7/03/2015

Spiritual Warfare

When I was a new Christian, I have heard about spiritual dryness and  I have always thought that it won't happen to me since I was on fire for the Lord.  Everyday, I was hungry for His Word and I can sit all day reading the Bible and talking to Him.  My free time was always prayer time- be it a short jeepney or bus ride, shower time, or short walk to and from.  Life was difficult then as we were down financially, but there was genuine peace and joy inside me.  It was amazing!  


Then the Lord blessed us with more than we deserved and I became busy in the process not wanting to pause and meditate as I always find myself  needing to meet deadlines.  My quiet time with Him became dry in the process that I almost cannot hear Him.  I knew deep in my heart that the joy and peace, only the presence of the Lord can give, is slowly fading away.  The pull of the world on me became stronger and my flesh suddenly woke up with renewed strength and conviction to reign on me. The struggle, the spiritual warfare the Apostle Paul described in Romans 7 was now becoming real right through me:

Romans 7: 15-20

I do not understand what I do. For what I want to do I do not do, but what I hate I do. And if I do what I do not want to do, I agree that the law is good. As it is, it is no longer I myself who do it, but it is sin living in me. For I know that good itself does not dwell in me, that is, in my sinful nature. For I have the desire to do what is good, but I cannot carry it out. For I do not do the good I want to do, but the evil I do not want to do—this I keep on doing. Now if I do what I do not want to do, it is no longer I who do it, but it is sin living in me that does it.


I almost believed the lie that I am so guilty the Lord will not forgive me. But the Lord loves me and He will not allow me to go down the pit. He graciously nudges me when I take the wrong step and He never gets tired of doing so. He is faithful, merciful and gracious to forgive me. And His loving kindness makes me cry as I cannot give it back the same way with my own strength. Only through Jesus that I can be deserving of the gift of salvation. He is my Lord and Savior and I will fight for Him. My flesh will always renew its strength but God will give me enough strength to fight it back!

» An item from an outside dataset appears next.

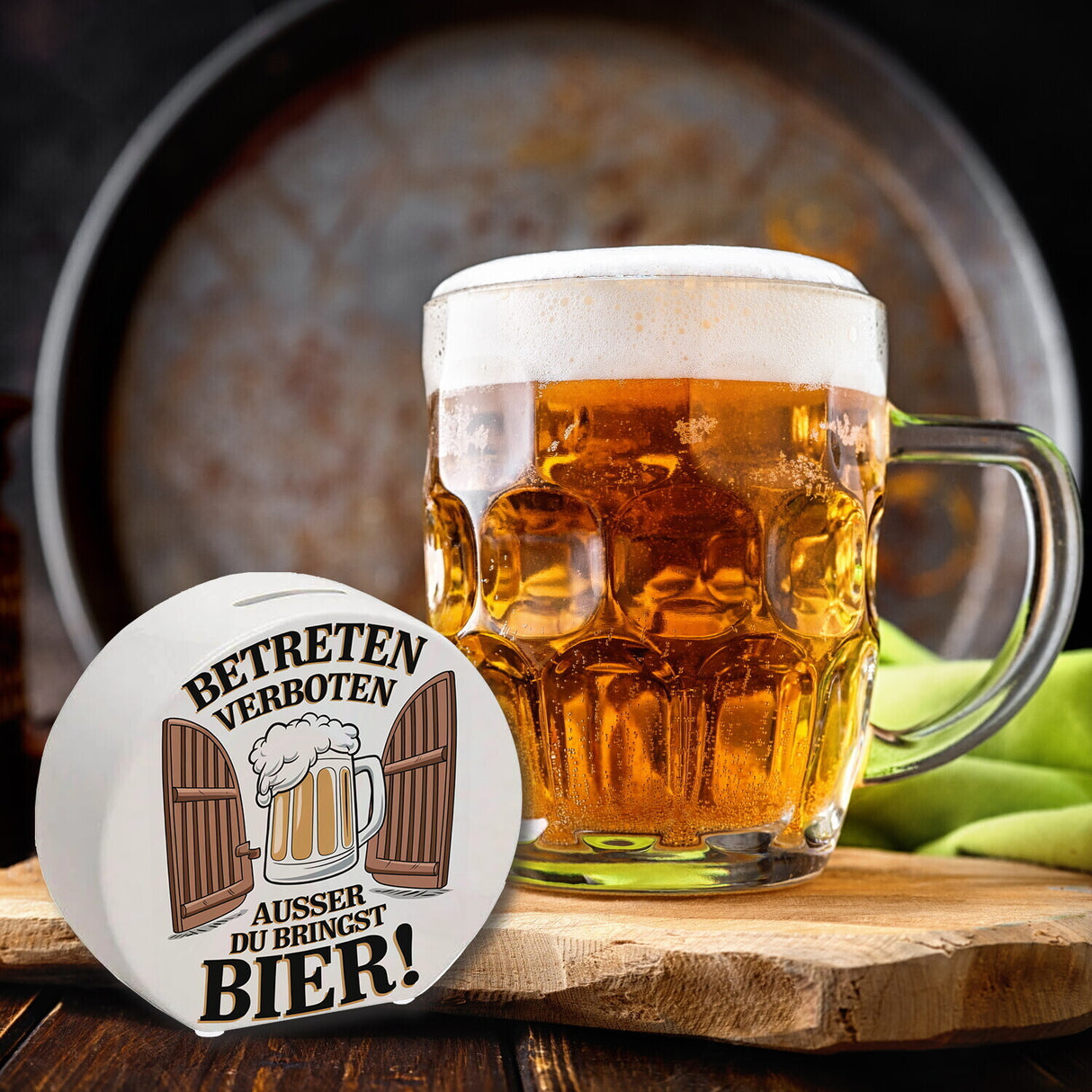 Betreten verboten – außer du bringst Bier! Spardose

Slowly now, it is becoming clearer to me. Spiritual dryness came, for me to realize that faith and love for the Lord does not only mean being on fire for the Lord. I cannot rely on what I feel because my emotion can be deceiving. True faith and love for the Lord is a COMMITMENT. Commitment to fight for Him over my own flesh. To fight for my time for Him over my busyness, to fight for my obedience to Him over my own desires and to fight for my crown of life over the glittering prize the world offers. Commitment to fight on His side during this spiritual war fare. I am already in the middle of this war, and I chose to side with the Lord. And I pray for God that He lead me and renew my heart and strength every moment of this war.


Psalm 51: 10-11

Create in me a clean heart, O God
And renew a steadfast spirit within me.
Do not cast me away from Your presence
And do not take Your Holy Spirit from me.